Listen to Bill as he shares his worst investment ever story purchasing a manufactured home that he and his wife bought out of a loan, the events that made them decide to sell the property, the tedious selling process they've experienced, and the ballooning interest loans that they had to settle while trying to let go of the property. Don’t miss out this truly relevant story of decision making and learn from the consequences that Bill made.

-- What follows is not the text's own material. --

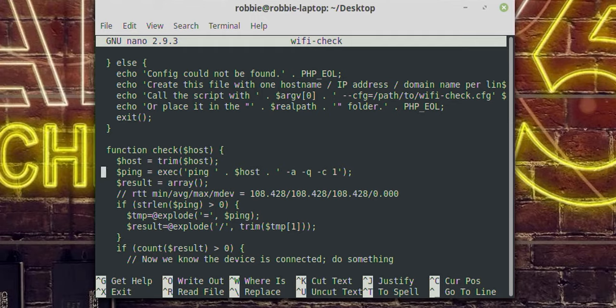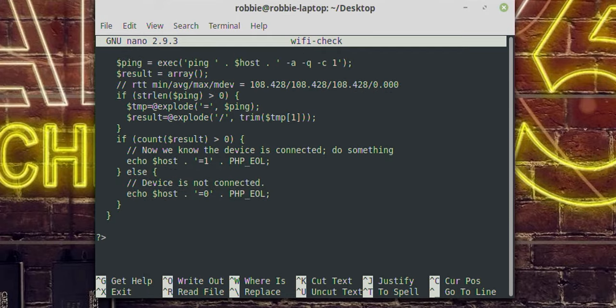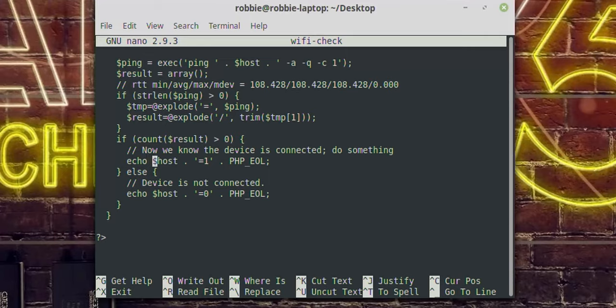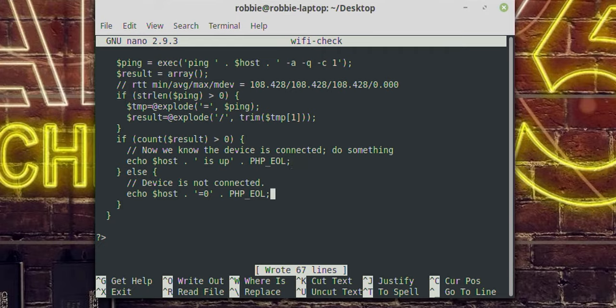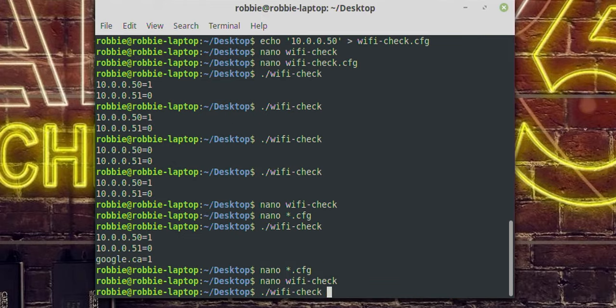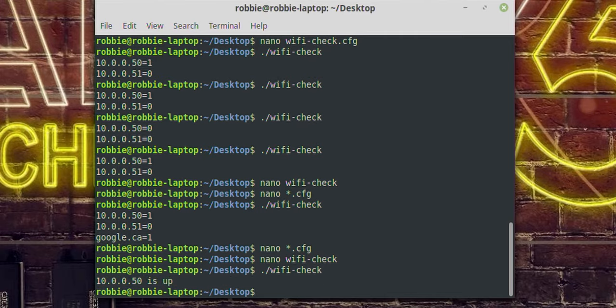All it does is ping the host — if it's up it responds with 1, if it's down it responds with 0. But what do you do with that? Well, this is why I wanted to show you the source code. You can modify it: instead of echoing '10.0.0.50 equals 1,' you could echo '$host is up' — and maybe remove the else so it only tells you when a host is up. Now if I run that, it shows '10.0.0.50 is up' and skips the ones that are down.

“It doesn't even necessarily need to be whether or not this investment has gone bad or is still good, but some or many times, circumstances happen in your life that you cannot predict.”
– Bill Winterberg
01:23 – Bill’s personal and professional experience
05:14 – Bill shares how he purchased a home in San Francisco and how it ended up as a bad investment after a life-changing situation
18:21 – Lessons learned by our guest
20:36 – Andrew shares his three takeaways from this story: knowledge in your investment, criticality in timing, and the concept of inches and seconds
23:24 – Highlighting the compounding effect of money
26:21 – Andrew wraps up the show with remarkable teachings from the book “Your Money or Your Life”
27:41 – Encouraging last words from Bill: “Take what you learned from our discussion today and apply it not just to an anecdotal story like what you just heard, but apply it to your opportunities today and your opportunities in the future.”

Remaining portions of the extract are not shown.